YOUR OBJECTIVE:
Repeat exactly the lines that begin at the one containing "925 Sterling Silver" and end at the final line of the records; include no pictures and nothing else.

DATA RECORDS:

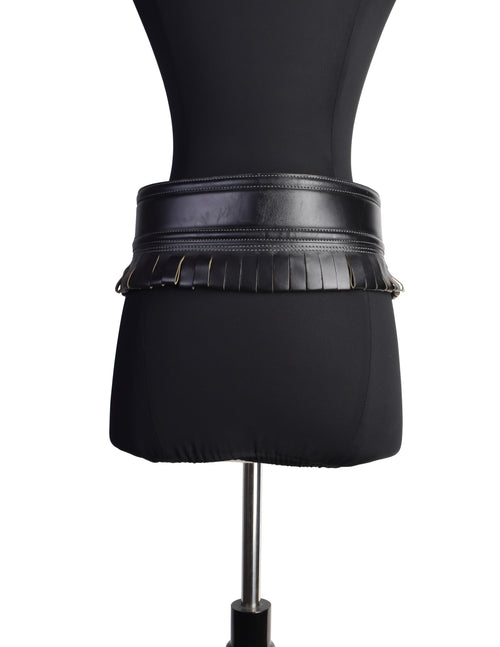 Alaia Vintage Black Leather Ultra Wide Fringe Belt Amarcord Vintage Fashion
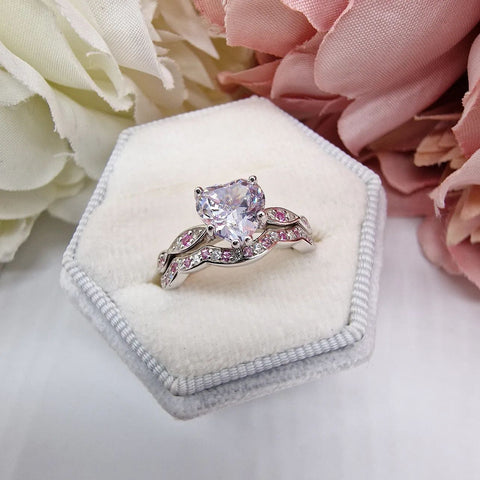 925 Sterling Silver Pink & White Cz Ladies Heart Ring Set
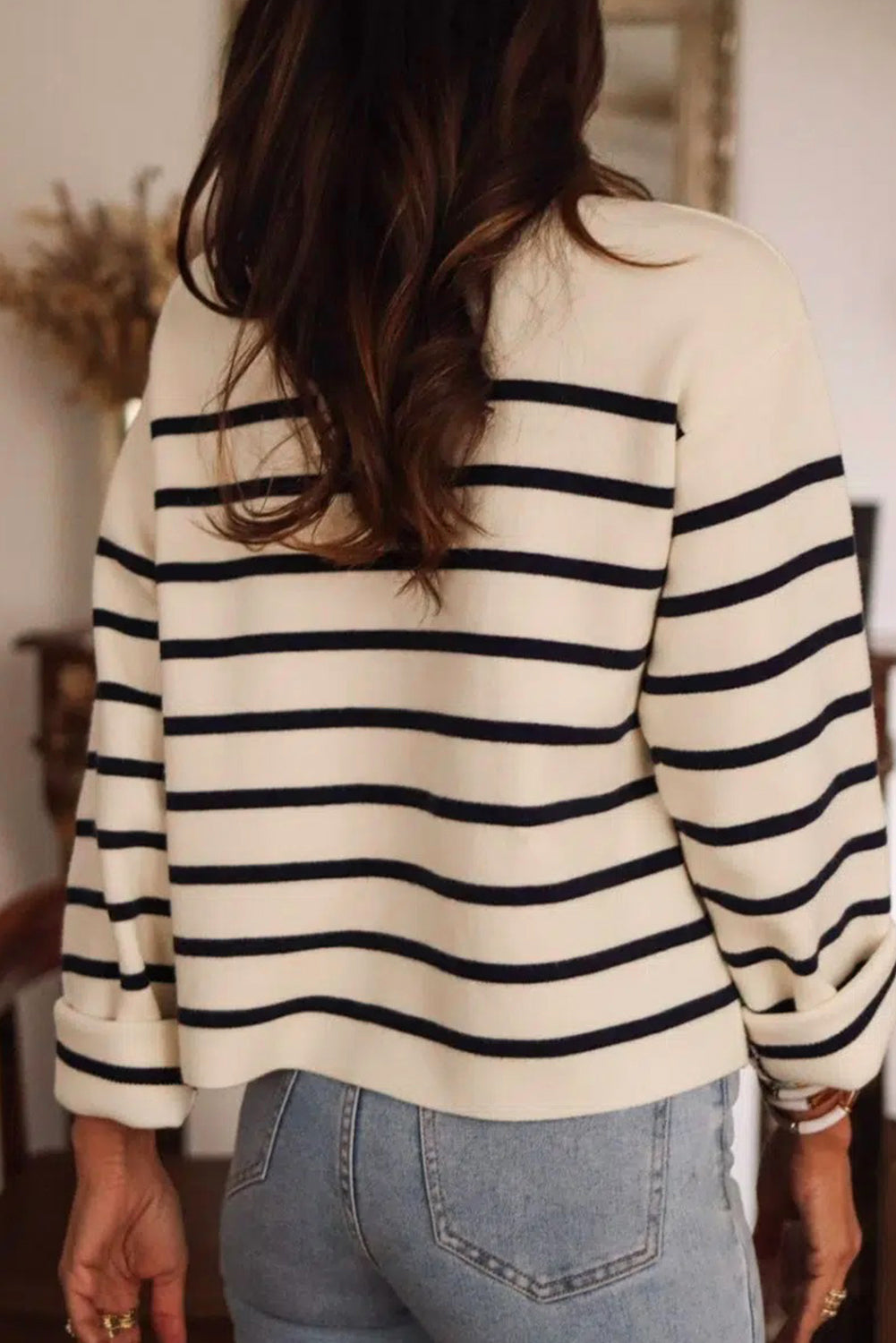 Black Stripe Flap Pocket Buttoned Cardigan Sweater eAura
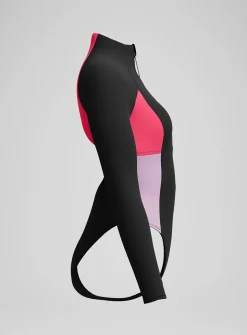 SPEEDO Long Sleeve Zip Colorblock Swimsuit XS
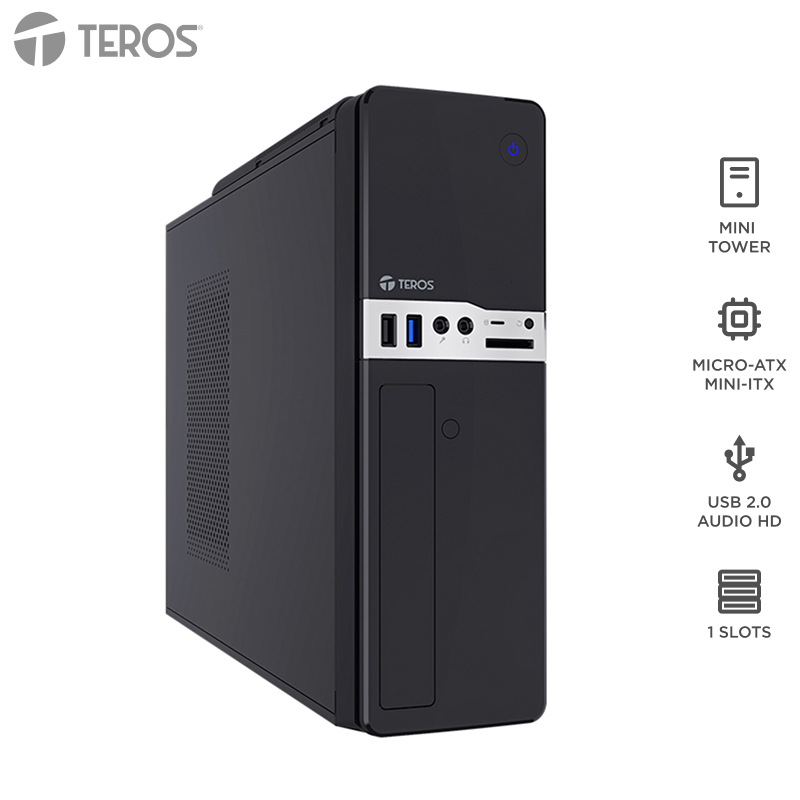 Case con fuente TEROS TE-1032S, Slim, MICRO-ATX / MINI-ITX, USB, Audio, 250W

EXERCISE RESULT:
 925 Sterling Silver Pink & White Cz Ladies Heart Ring Set
 Black Stripe Flap Pocket Buttoned Cardigan Sweater eAura
 SPEEDO Long Sleeve Zip Colorblock Swimsuit XS
 Case con fuente TEROS TE-1032S, Slim, MICRO-ATX / MINI-ITX, USB, Audio, 250W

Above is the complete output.